*Exercise:*
Would you transcribe the records below from the line with "Kenda - Powersports" to the line with "2011 Dodge Grand Caravan Express", ends included, exactly and with nothing more, leaving the pictures out?

*Dataset entries:*
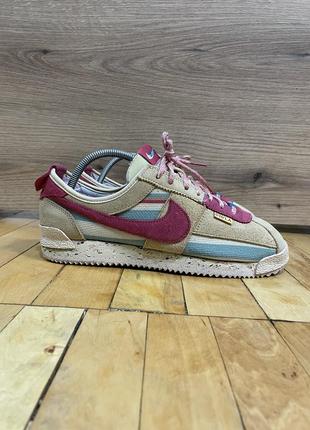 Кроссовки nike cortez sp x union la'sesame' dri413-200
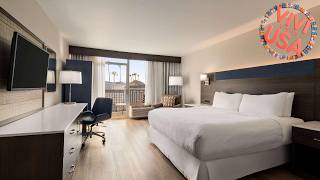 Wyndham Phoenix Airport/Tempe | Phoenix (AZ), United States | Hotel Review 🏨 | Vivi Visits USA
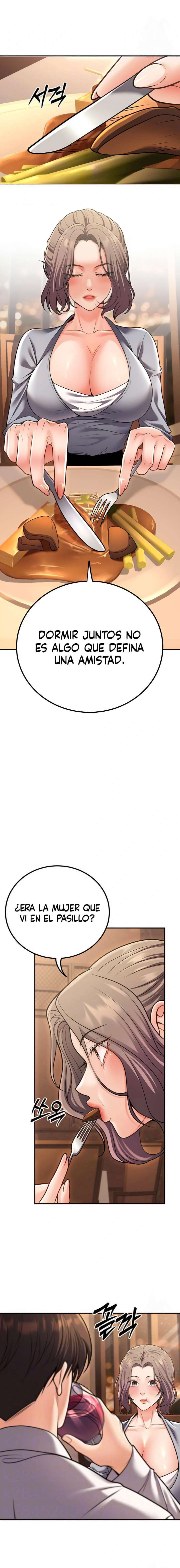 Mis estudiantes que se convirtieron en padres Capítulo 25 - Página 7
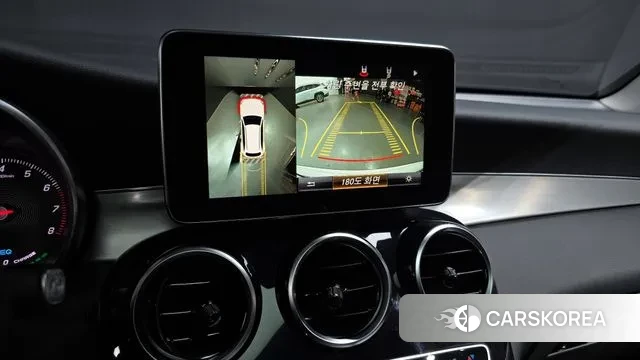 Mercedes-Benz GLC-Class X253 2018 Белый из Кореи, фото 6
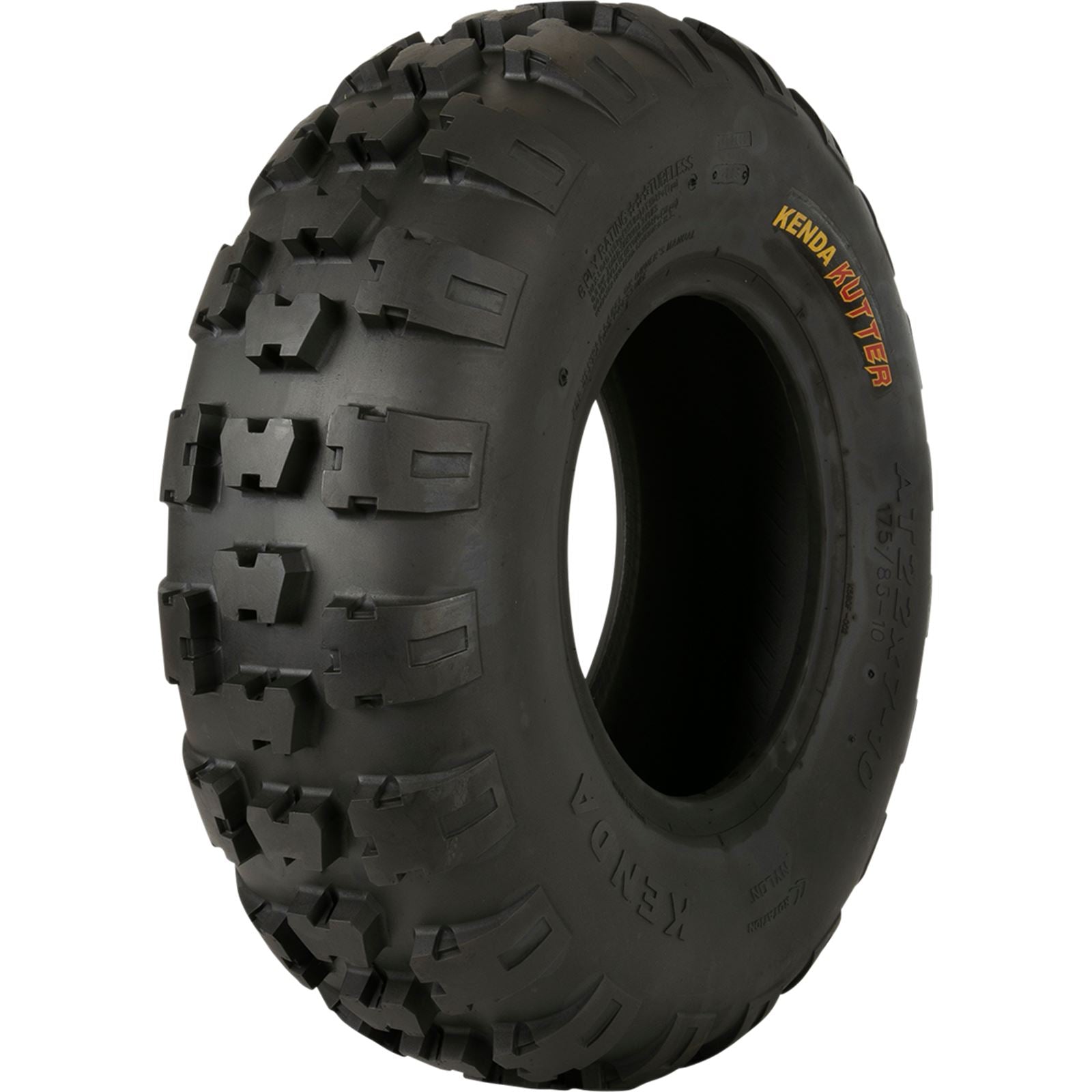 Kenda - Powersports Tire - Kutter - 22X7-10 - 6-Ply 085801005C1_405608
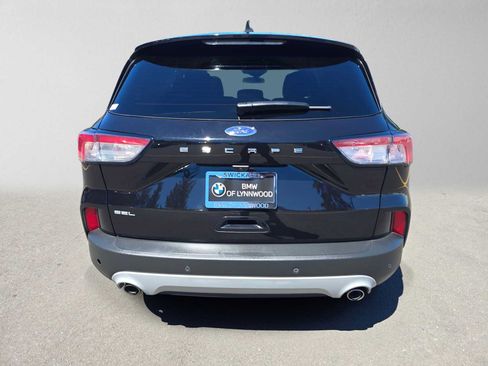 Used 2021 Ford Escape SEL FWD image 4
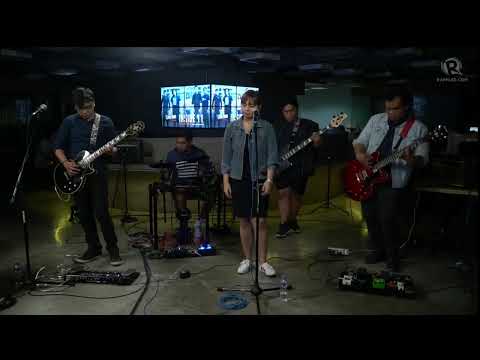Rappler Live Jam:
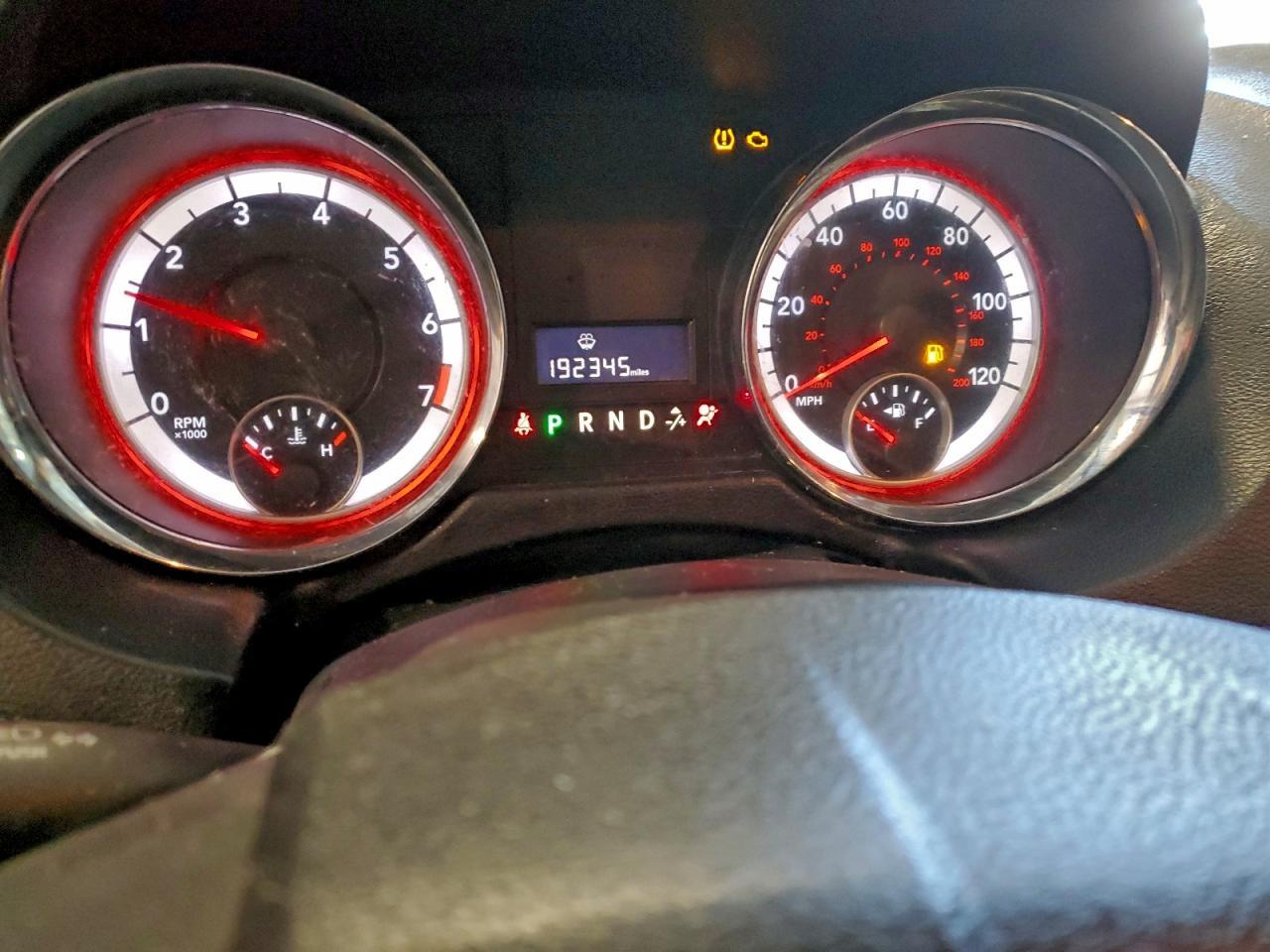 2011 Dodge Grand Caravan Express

...

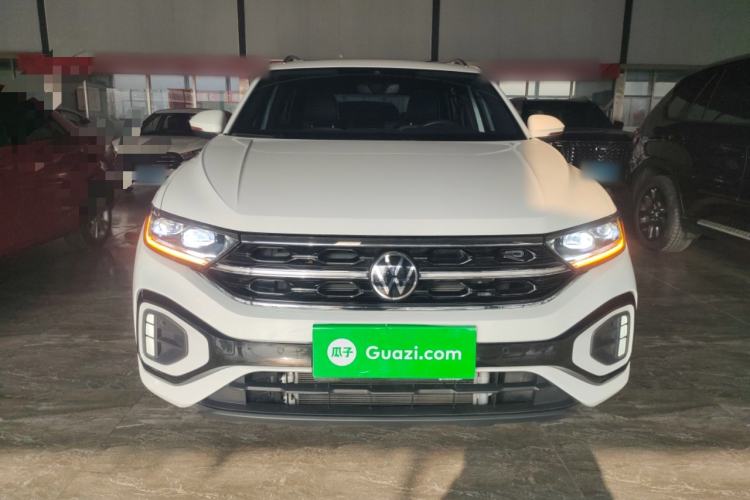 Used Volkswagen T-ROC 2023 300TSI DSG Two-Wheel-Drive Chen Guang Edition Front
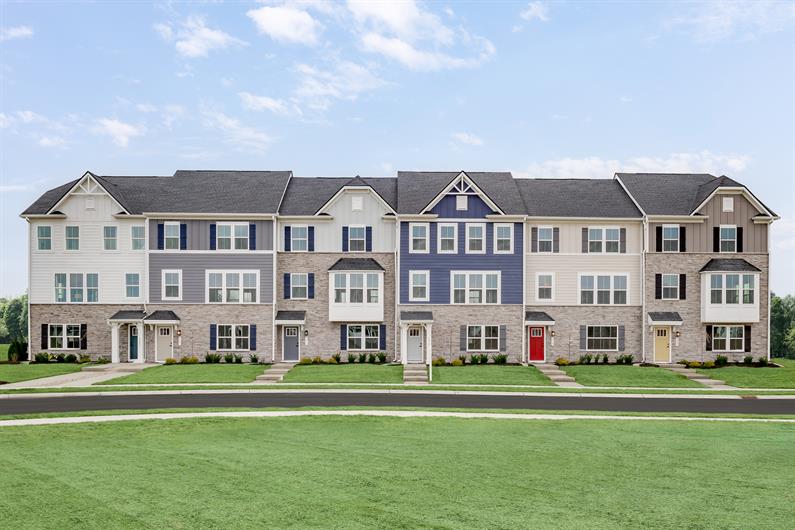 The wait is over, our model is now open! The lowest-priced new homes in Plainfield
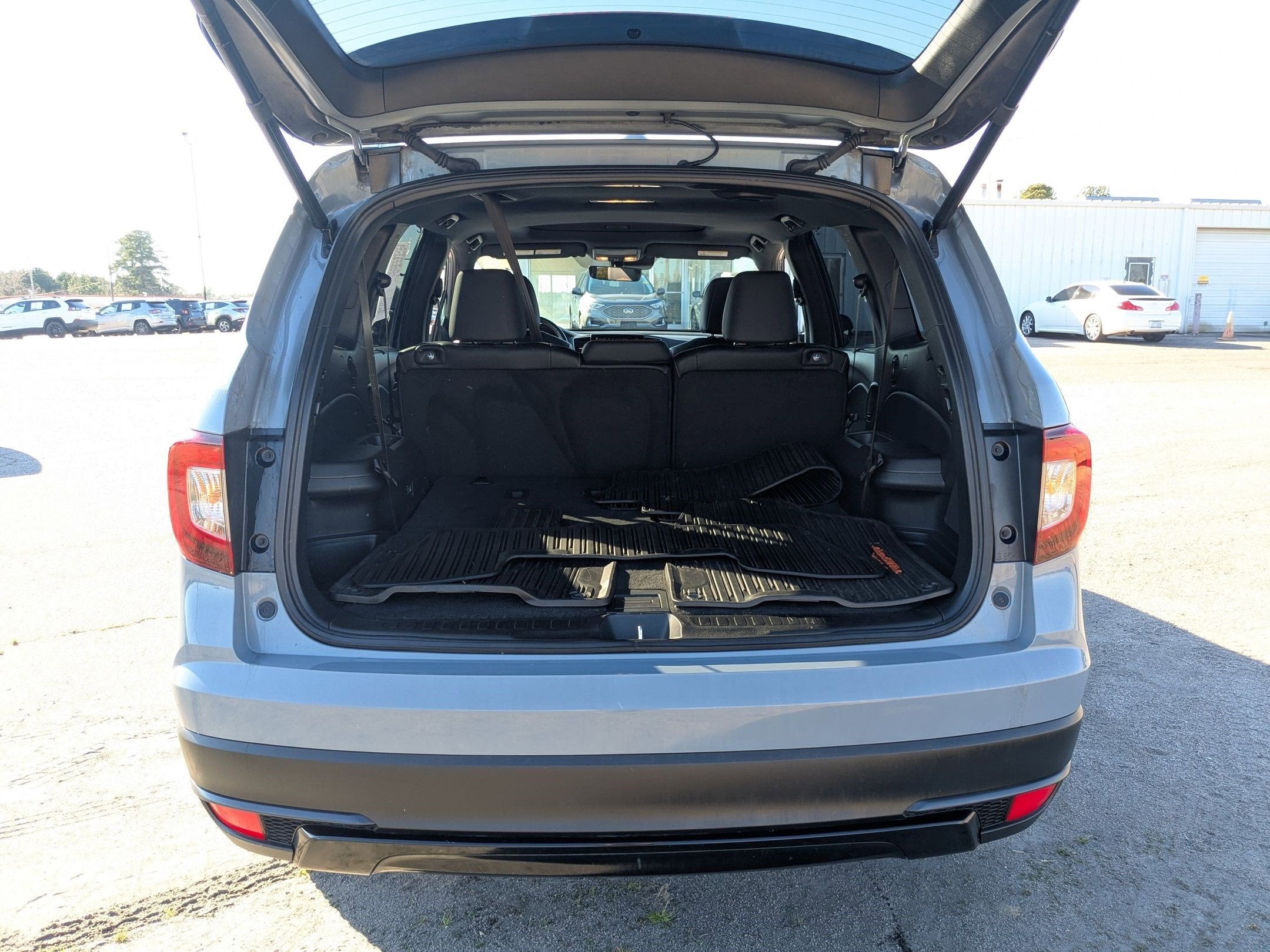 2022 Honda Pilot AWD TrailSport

* * *

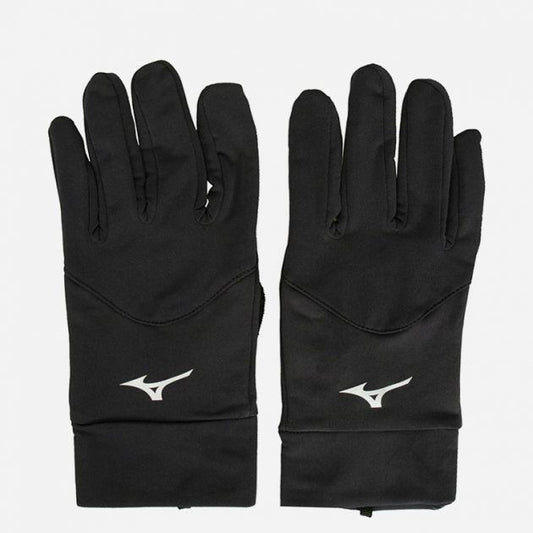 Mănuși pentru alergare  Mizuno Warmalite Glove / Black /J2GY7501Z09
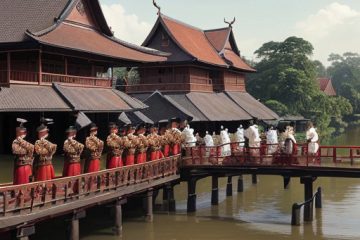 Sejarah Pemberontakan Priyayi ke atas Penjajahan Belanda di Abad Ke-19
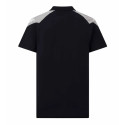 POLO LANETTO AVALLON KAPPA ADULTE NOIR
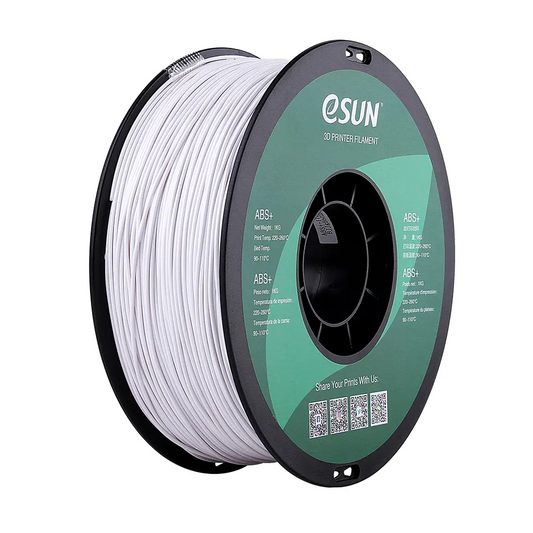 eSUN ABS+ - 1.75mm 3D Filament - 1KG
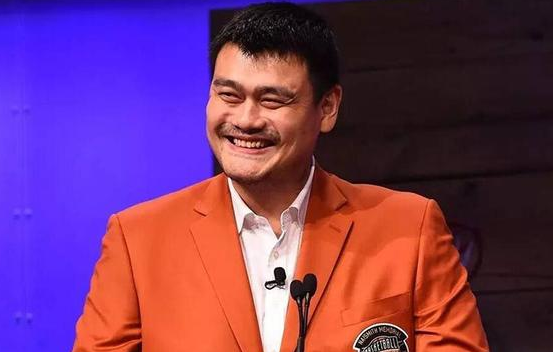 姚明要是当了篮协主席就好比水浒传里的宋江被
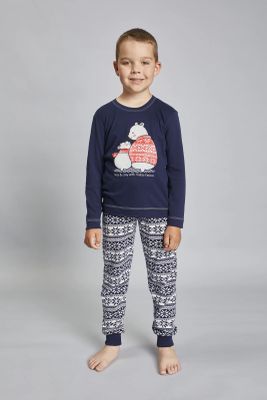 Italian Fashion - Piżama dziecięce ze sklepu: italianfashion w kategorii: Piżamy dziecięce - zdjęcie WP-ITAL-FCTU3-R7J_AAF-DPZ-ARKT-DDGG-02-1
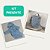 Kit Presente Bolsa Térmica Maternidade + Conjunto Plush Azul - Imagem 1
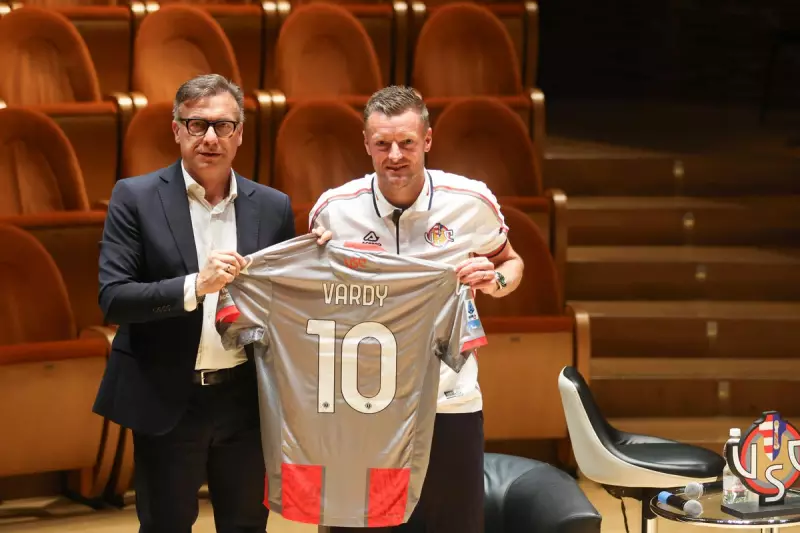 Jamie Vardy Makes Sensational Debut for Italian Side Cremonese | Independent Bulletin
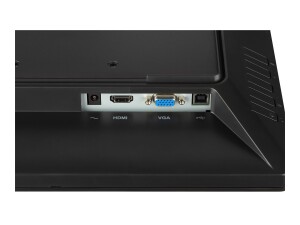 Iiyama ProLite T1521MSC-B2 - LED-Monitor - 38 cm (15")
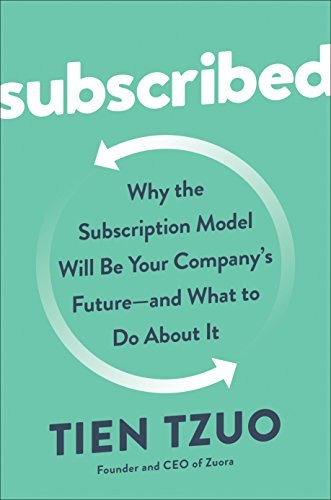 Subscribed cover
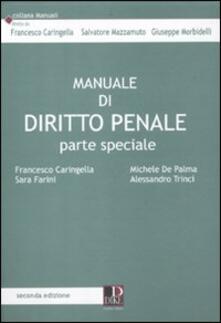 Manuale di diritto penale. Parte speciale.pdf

*Answer box:*
 Kenda - Powersports Tire - Kutter - 22X7-10 - 6-Ply 085801005C1_405608
 Used 2021 Ford Escape SEL FWD image 4
Rappler Live Jam:
 2011 Dodge Grand Caravan Express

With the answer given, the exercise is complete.